Debía ser pequeña pero decisiva la presencia de cuzqueños en Tomebamba mientras los cañaris constituían el grueso de la población que provenía del “llano grande como el cielo”. No podemos afirmar cuántos habitantes tenía pero los cronistas la clasificaron como una gran ciudad. Si tomamos, aún con reservas, la cifra histórica de los 60 mil cañaris de Tomebamba, hombres y niños, que Atahualpa ordenó matar cuando la destrozó en la guerra contra Huáscar; si también sumamos los sobrevivientes, en su mayoría mujeres, y agregamos los mitimaes, desperdigados en el imperio, nos aproximaremos a su real tamaño y explicaremos además porqué en 1547 Cieza de León encontró que las mujeres excedían a los hombres en un número de 15 a uno.
La vida en común resultó un proyecto ilusorio para los cañaris pues la política imperial iba por otro mundo. Sin mayores alardes y a socapa de privilegios, Túpac Yupanqui y luego el mismo Huayna Cápac emprendieron una profunda poda de la nación cañari con el traslado de grandes grupos de habitantes de Tomebamba a las distintas partes del Perú y especialmente del Cuzco.
Los incas confiaron su guardia personal a guerreros cañaris, tal era su buena fama. En el Cuzco vivían en un barrio determinado y ninguno de ellos en condición de yanacona, el siervo ganado en las conquistas. Al contrario, las referencias posteriores hablan de los cañaris como guerreros valerosos —y en una trasposición de ánimo muy interesante— totalmente leales al Sapay Inca que los empleaba en tareas duras y peligrosas.
Como cada extranjero debía identificarse por su tocado y atavío, los cañaris enrollaban su pelo alrededor de su cabeza y lo sujetaba con un aro de madera o calabaza (mate) que les valió el apodo de ‘mate-uma’. Formaban parte habitual del colorido paisaje urbano del Cuzco a decir de los cronistas. Además de los guerreros, dentro de su política de la mitmacuna, los incas llevaron al Cuzco a los principales señores de los pueblos sometidos como rehenes en garantía de lealtad. A los señores o a sus jóvenes hijos varones.
Los jóvenes integraban un plan proyectado al futuro; debían absorber la cultura inca, ‘aculturizarse’, para compartir valores políticos, religiosos e históricos y aprender el ejercicio del mando que ejercían después al modo incaico, pero de manera sumisa, cuando regresasen a sus pueblos. Recibían la misma educación que los nobles del Cuzco en su adoctrinamiento de gobernantes y en su formación de guerreros. El Sapay Inca en persona perforaba las orejas de los jóvenes que superaban las duras prácticas del adiestramiento final con simulacros reales de la guerra a la que pronto servirían. Se les reconocía entonces como Orejones.

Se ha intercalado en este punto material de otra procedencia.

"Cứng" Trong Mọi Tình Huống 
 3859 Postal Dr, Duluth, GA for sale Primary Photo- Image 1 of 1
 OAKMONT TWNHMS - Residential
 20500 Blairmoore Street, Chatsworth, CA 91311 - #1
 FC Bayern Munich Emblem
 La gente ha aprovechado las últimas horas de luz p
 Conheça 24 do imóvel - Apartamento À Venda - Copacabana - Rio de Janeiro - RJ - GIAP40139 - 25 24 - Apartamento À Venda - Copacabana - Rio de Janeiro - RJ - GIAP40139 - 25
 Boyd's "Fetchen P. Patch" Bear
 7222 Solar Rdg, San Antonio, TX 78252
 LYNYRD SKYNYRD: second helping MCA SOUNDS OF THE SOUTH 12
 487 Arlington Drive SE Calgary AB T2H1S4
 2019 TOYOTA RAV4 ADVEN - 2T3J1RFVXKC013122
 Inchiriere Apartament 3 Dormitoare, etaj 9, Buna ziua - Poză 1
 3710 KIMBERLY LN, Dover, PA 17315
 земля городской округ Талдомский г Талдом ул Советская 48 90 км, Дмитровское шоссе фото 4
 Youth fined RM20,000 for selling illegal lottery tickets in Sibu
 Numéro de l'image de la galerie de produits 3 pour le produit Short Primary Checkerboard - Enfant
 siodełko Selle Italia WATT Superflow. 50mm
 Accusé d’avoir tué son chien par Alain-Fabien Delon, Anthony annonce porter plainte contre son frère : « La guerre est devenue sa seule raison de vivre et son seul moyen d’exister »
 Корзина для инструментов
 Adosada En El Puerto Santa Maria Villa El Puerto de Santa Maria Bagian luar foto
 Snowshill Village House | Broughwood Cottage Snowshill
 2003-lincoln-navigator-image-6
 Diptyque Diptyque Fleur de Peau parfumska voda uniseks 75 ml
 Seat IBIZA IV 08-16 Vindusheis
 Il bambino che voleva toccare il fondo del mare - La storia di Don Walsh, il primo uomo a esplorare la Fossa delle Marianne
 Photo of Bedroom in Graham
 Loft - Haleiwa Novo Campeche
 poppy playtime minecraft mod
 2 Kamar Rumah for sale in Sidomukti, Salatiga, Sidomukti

Hacia 1528 se desató el más grande cataclismo en el Tomebamba. Atahualpa marchaba hacia el Cuzco en pos del Imperio huérfano desde la muerte de Huayna Cápac. Derrotado por los cañaris en el primer momento y prisionero, según dicen algunos cronistas, fugó con la habilidad de una Amaru, de una serpiente, y regresó para volcar toda su rabia sobre la ciudad hasta no dejar rastro de nada.